Extrait tiré de : Lorette Nobécourt, La démangeaison, 1994 (acheter l’œuvre)
Extrait proposé par : Laura Prieur
Depuis son enfance, Irène souffre de psoriasis, une maladie chronique de la peau qui à la fois défigure et provoque une perpétuelle démangeaison. À cause d’elle, ses congénères en pension l’appellent « caïman ». La narratrice découvre qu’en devenant gratte-papier, elle expulse la haine qui la démange et sa difficulté à vivre parmi les autres.

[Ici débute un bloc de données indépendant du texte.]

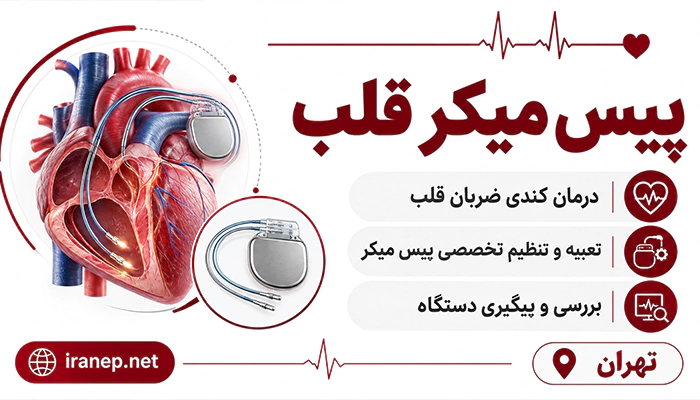 پیس میکر قلب برای درمان کندی ضربان قلب و تنظیم ریتم قلب در تهران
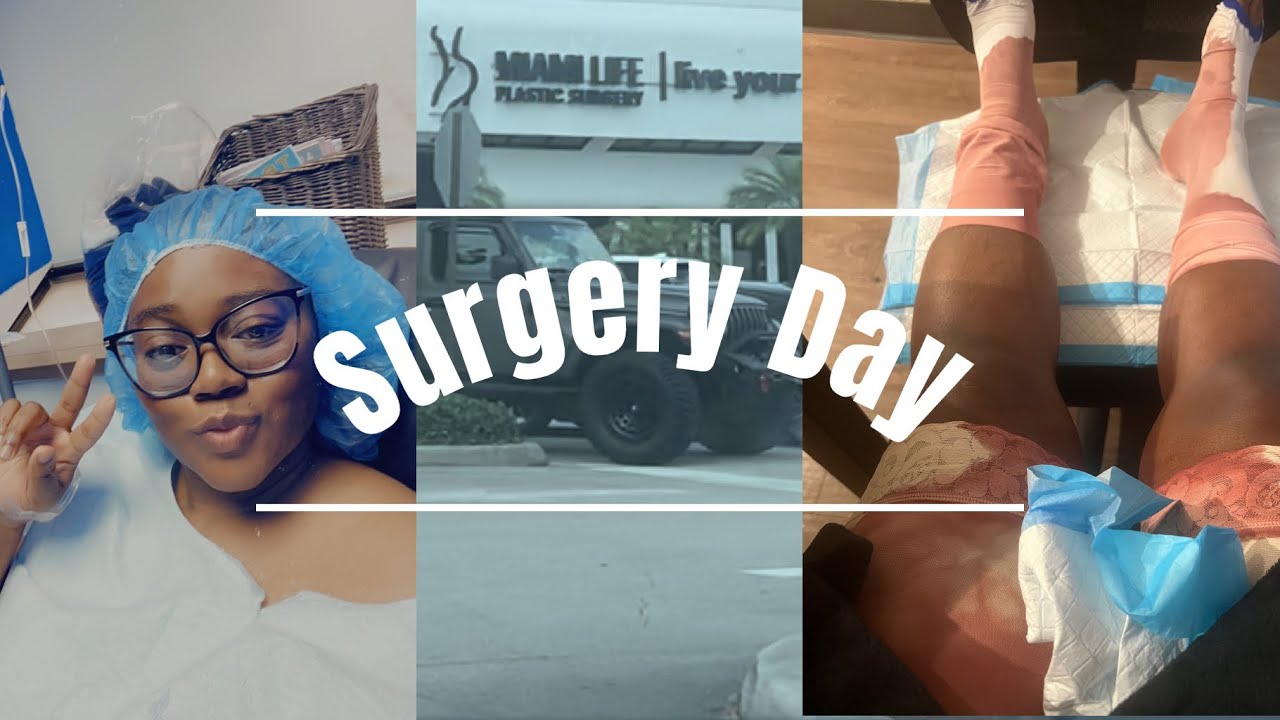 Surgery Vlog: 💉🩸lipo360|Dr.Nassif| Miami Life| Do I Hate my results?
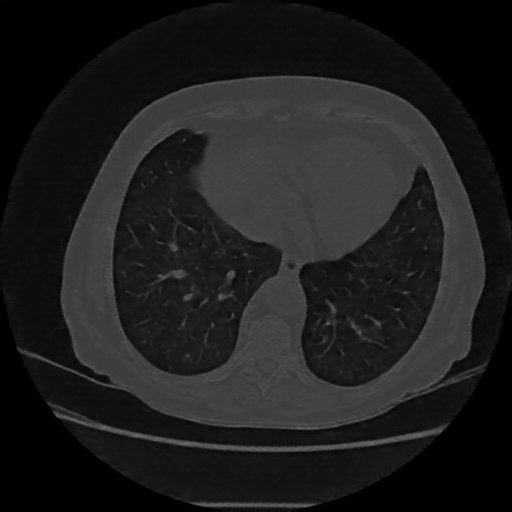 Reconstructed NATIVE CT scan (cycle consistency)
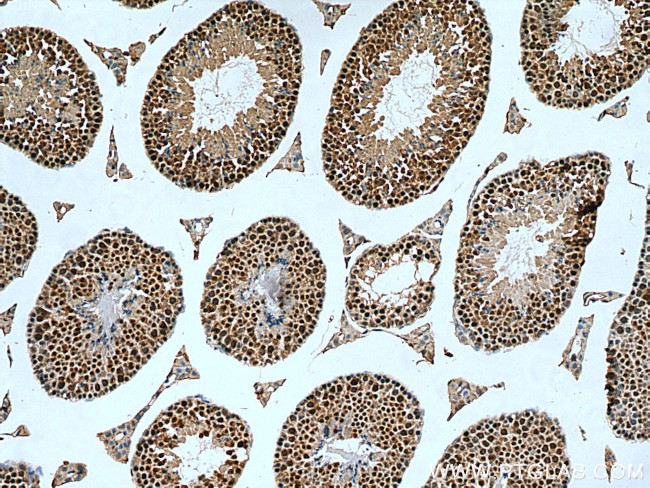 C20orf11 Antibody in Immunohistochemistry (Paraffin) (IHC (P))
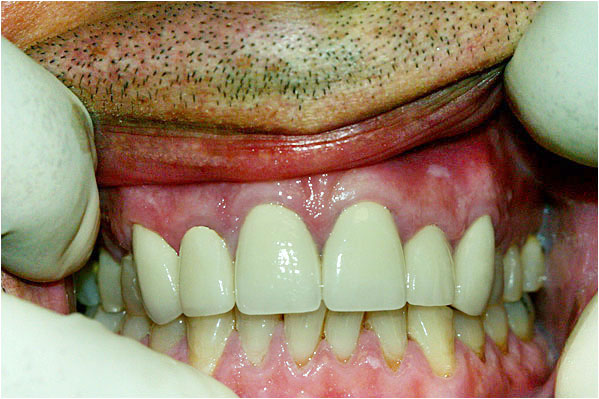 Dental Crowns After 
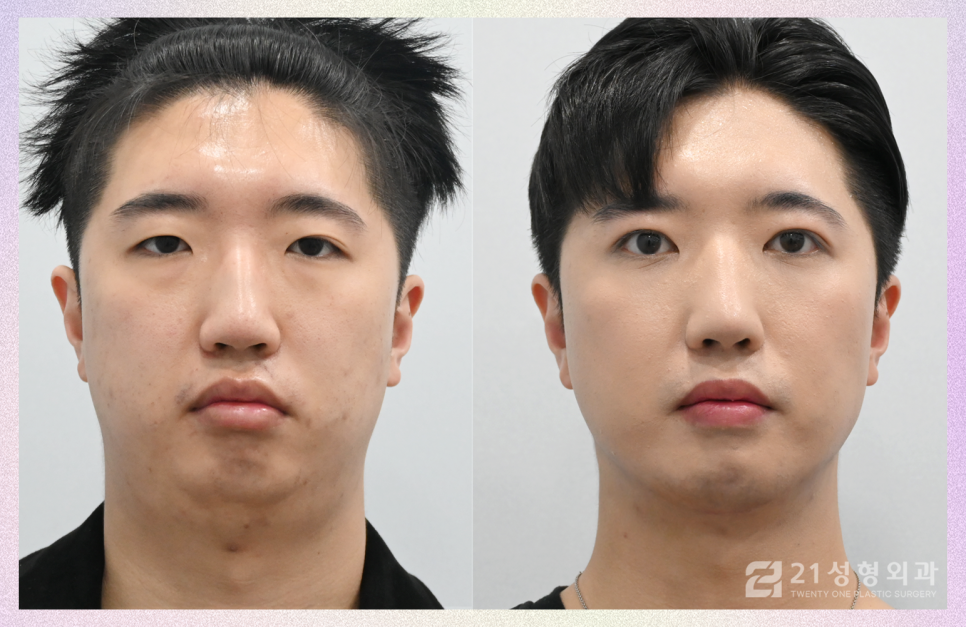 21성형외과에 사연을 들려주세요 관련 이미지 2
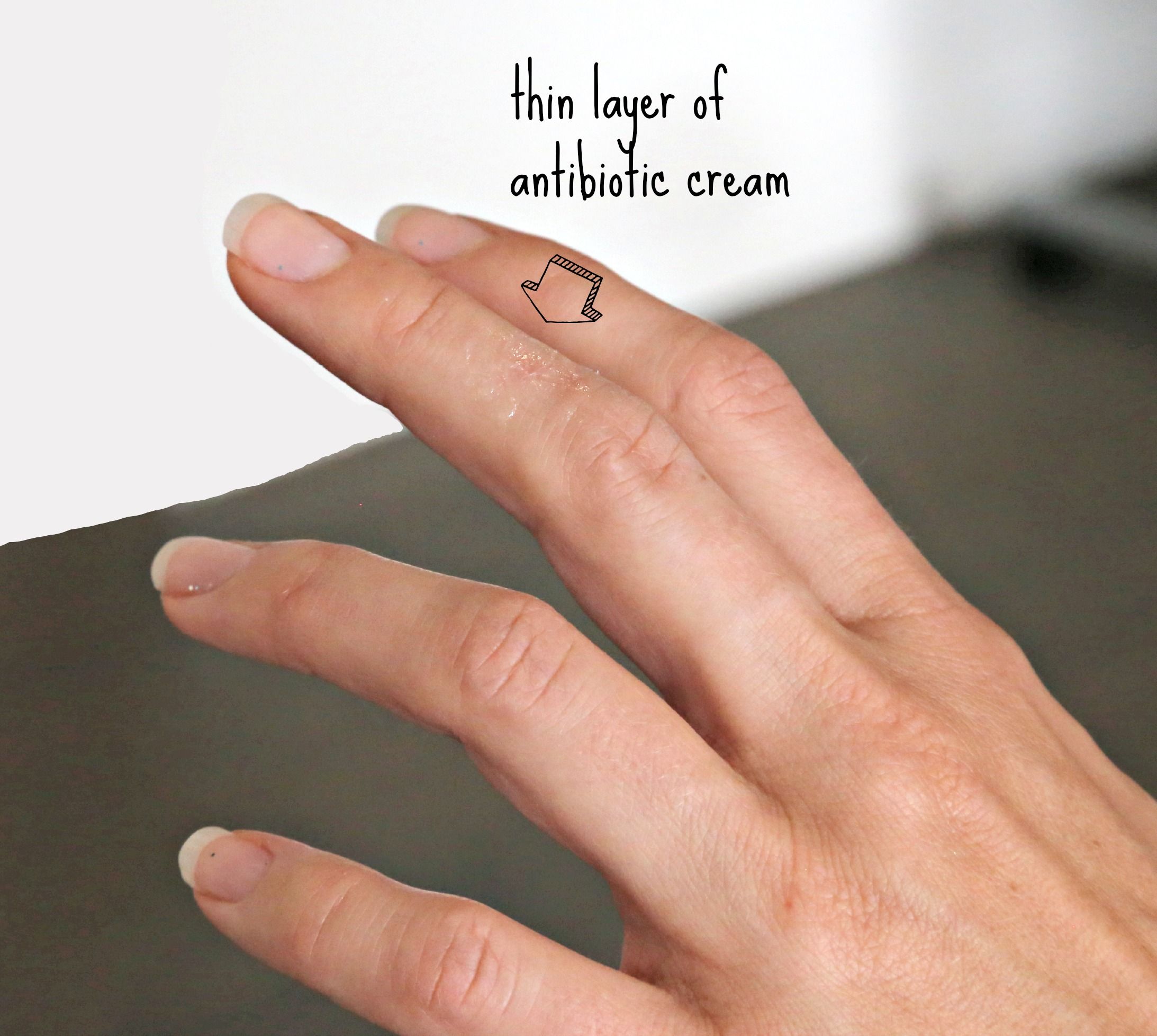 Disinfect a Cut 4 Steps (with Pictures) Instructables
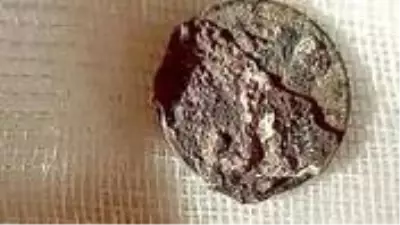 6 yaşında burnuna soktuğu bozuk para 53 yıl sonra çıkarıldı 6 yaşında burnuna soktuğu bozuk para 53 yıl sonra çıkarıldı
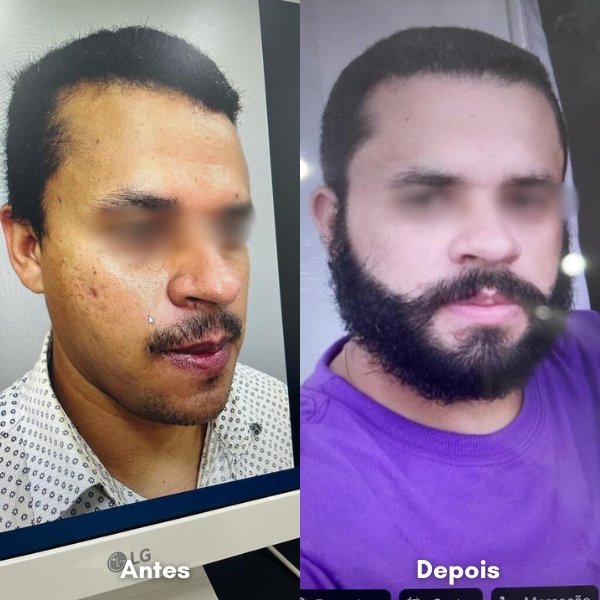 Antes e depois de transplante capilar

Petit à petit, je suis devenue ma maladie, radicalement exposée aux autres, à fleur de peau. À tout moment je me suis trouvée en quarantaine. Car mes vêtements, ma nourriture, mes bains et mes crèmes furent multiples et autres. À moi, il fallait des climats différents, des rites particuliers, une façon de vivre unique, de celles qui inquiètent par leur cérémonial douteux. Entre le sang qui coulait de mon tissu extérieur, entre mes cris la nuit, mes sanglots étouffés, ma rage à ne pas me gratter, à ne pas céder à cet envahissement de ma personne, j’avais les bains odieux, aux plantes venues d’ailleurs dont l’odeur était aussi désagréable que persistante. J’avais le psoralène, les injections de calomel, l’huile soufrée et celle de chaulmoogra, l’acide chrysophanique après le décapage. J’avais les somnifères pour enfin m’endormir, mais la maladie revenait alors malgré moi et mes ongles griffaient ma peau dans mon inconscience. Pendant mes rêves, j’achevais de me défigurer. Sur le visage, les cicatrices douteuses de ma lutte s’affichaient comme autant de preuves de mon intimité au matin.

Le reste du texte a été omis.